A good deal of scholarly evidence suggests that the decisionmaking of the U.S. Supreme Court is affected by legal argument. At the same time, it seems clear that in a great many cases the justices have enduring, strongly held views. In such cases, they should be impervious to the effects of advocacy. When are the justices apt to be influenced by the Court's legal community, and when will lawyers be less relevant? The answer, we think, has to do with the salience of the issue before the Court. We suspect that in nonsalient cases the justices have less-intense preferences and therefore are open to the persuasion of lawyers. In salient cases, by contrast, the content of legal policy matters much more to the justices. As a result, they are less amenable to legal argument and adhere more strictly to their personal policy preferences. Our empirical tests support this orientation.
The idea that the members of the U.S. Supreme Court can be affected by legal arguments is hardly new.
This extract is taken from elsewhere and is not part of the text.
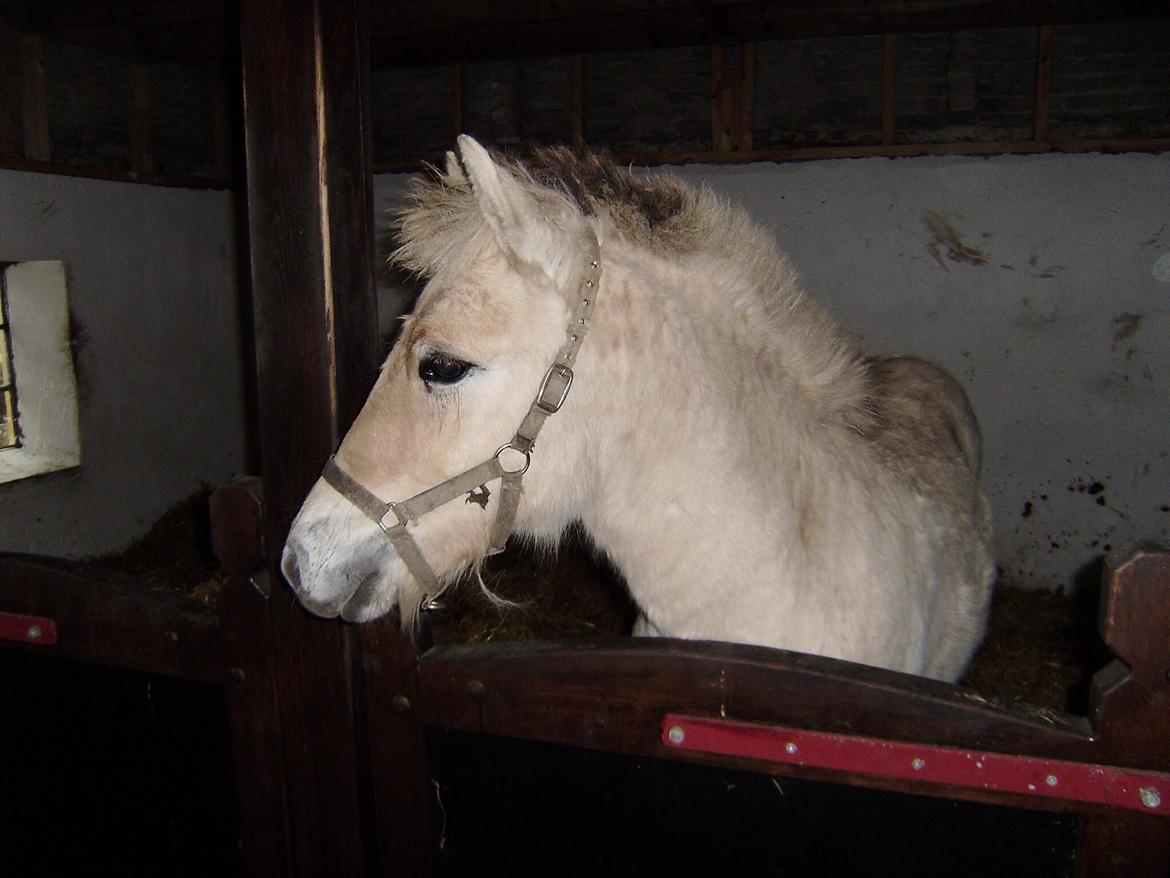 Fjordhest Huxi LPJ billede 2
At least as far back as the Marshall Court, there is evidence that the justices have been responsive to legal advocacy. In McCulloch v. Maryland (1819), for example, one of the Court's earliest repeat players, William Pinkney, sought to frame an interpretation of the Necessary and Proper Clause that was solicitous to the preferences of Chief Justice John Marshall; indeed, the chief justice found it so appealing that it was adopted wholesale into the Court's written opinion (White 1988:248-50). Of course, as a staunch Federalist, Chief Justice Marshall was doubtless sympathetic to any argument that favored expanding the reach and influence of the new national government. In fact, it was widely believed, even before the Court heard arguments in McCulloch, that the Marshall Court would support the existence and independence of the Bank of the United States (Warren 1922:508-9). Chief Justice Marshall may well have employed Pinkney's arguments in his written opinion, but given the chief justice's strong views on this issue of national prominence, it seems quite unlikely that Chief Justice Marshall would have declared the Bank unconstitutional, had the government's case been entrusted to the hands of a less-capable attorney. Did Pinkney actually influence Chief Justice Marshall, or did Chief Justice Marshall's opinion simply reflect his steadfast commitment to Federalist principles in a case where the legal and political stakes were especially high? This question, posed in a contemporary context, is the principal concern of this article.
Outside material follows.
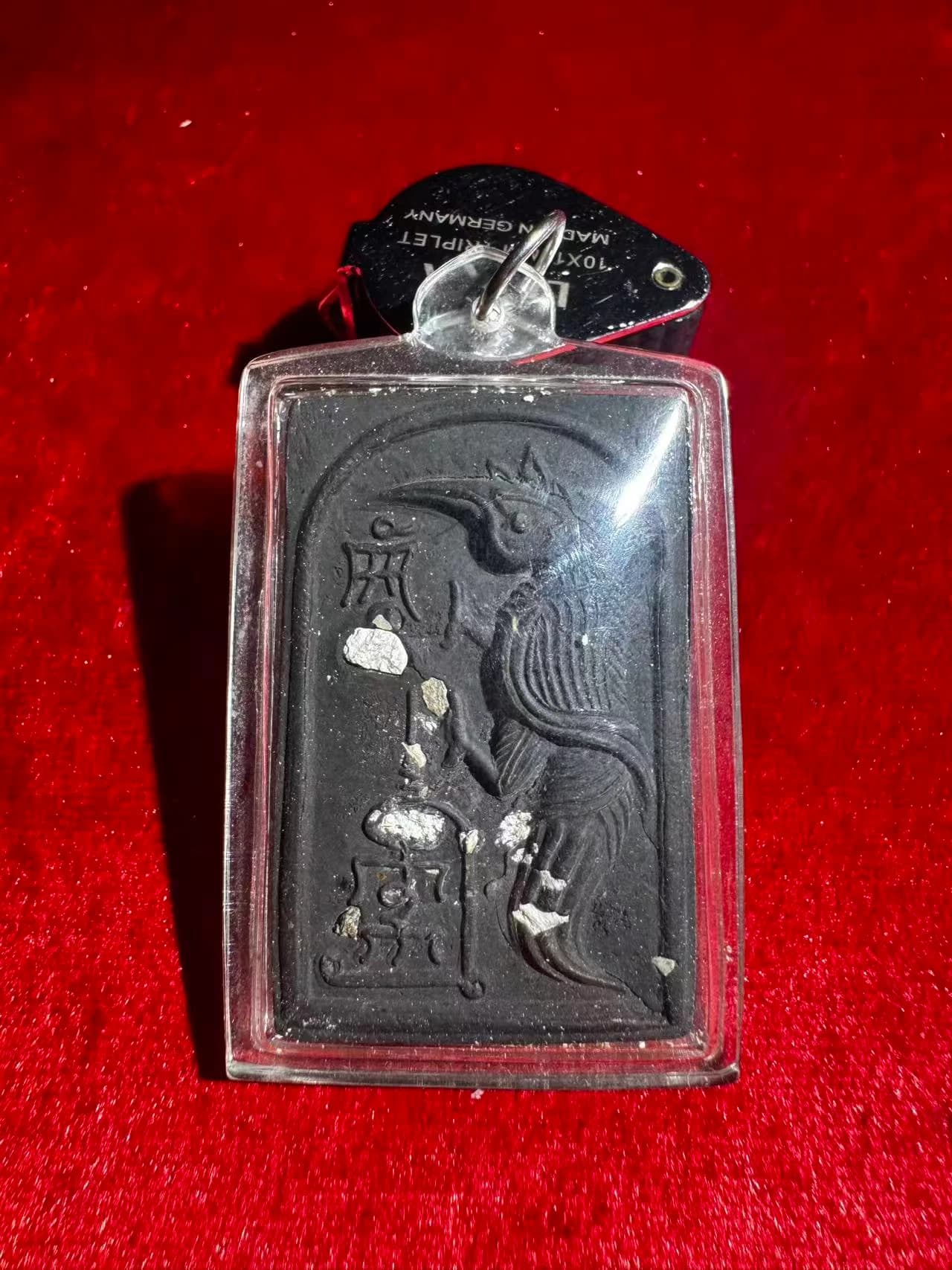 古巴丙 2540 人缘鸟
Specifically, we posit that the impact of legal advocacy in the U.S. Supreme Court is conditioned by issue salience. Using available data from the Burger Court, we find that in salient cases-cases in which we presume the justices care a good deal about the outcome-legal advocacy carries no empirical weight. In nonsalient cases, by contrast, the justices still follow their policy preferences, but because they are less resolute about case outcomes, they are more amenable to legal persuasion. These results persist even after controlling for the preferences of the justices as well as their ideological sympathy for litigants of different status. We conclude that, when the justices' informational needs are high and the intensity of their predispositions is low, the members of the Court pay a good deal of attention to the competing visions of legal policy presented before them.
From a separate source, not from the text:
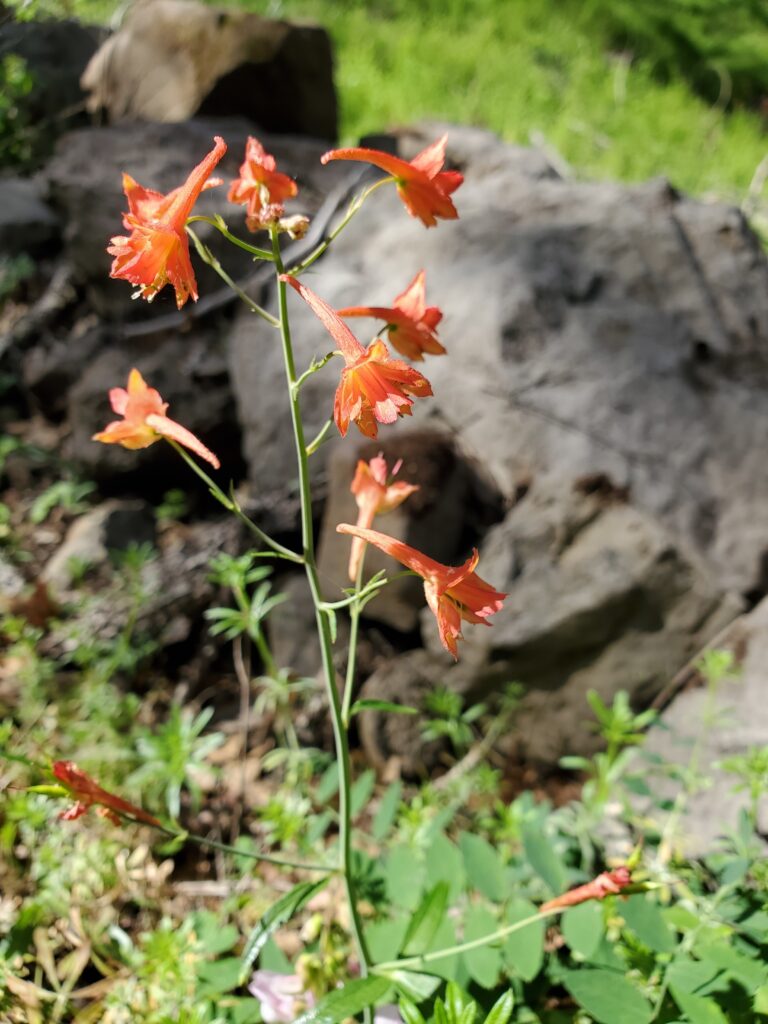 Delphinium nudicaule - red larkspur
Scholarly Perspectives on Legal Arguments
Legal advocacy is generally regarded as a significant influence in the modern Supreme Court. For their part, members of the legal community view the justices as highly sensitive to the ideas and information contained in briefs and oral arguments (Baker 1996; Enns 1998; Ennis 1984; Stern et al. 2002; Sungaila 1999). Scholarly studies of the Court's litigators have long highlighted the vital role that lawyers play in formulating the law (Casper 1972; Vose 1957), and over the last decade a good deal of systematic evidence has suggested that the Court's policies are affected by legal advocacy. …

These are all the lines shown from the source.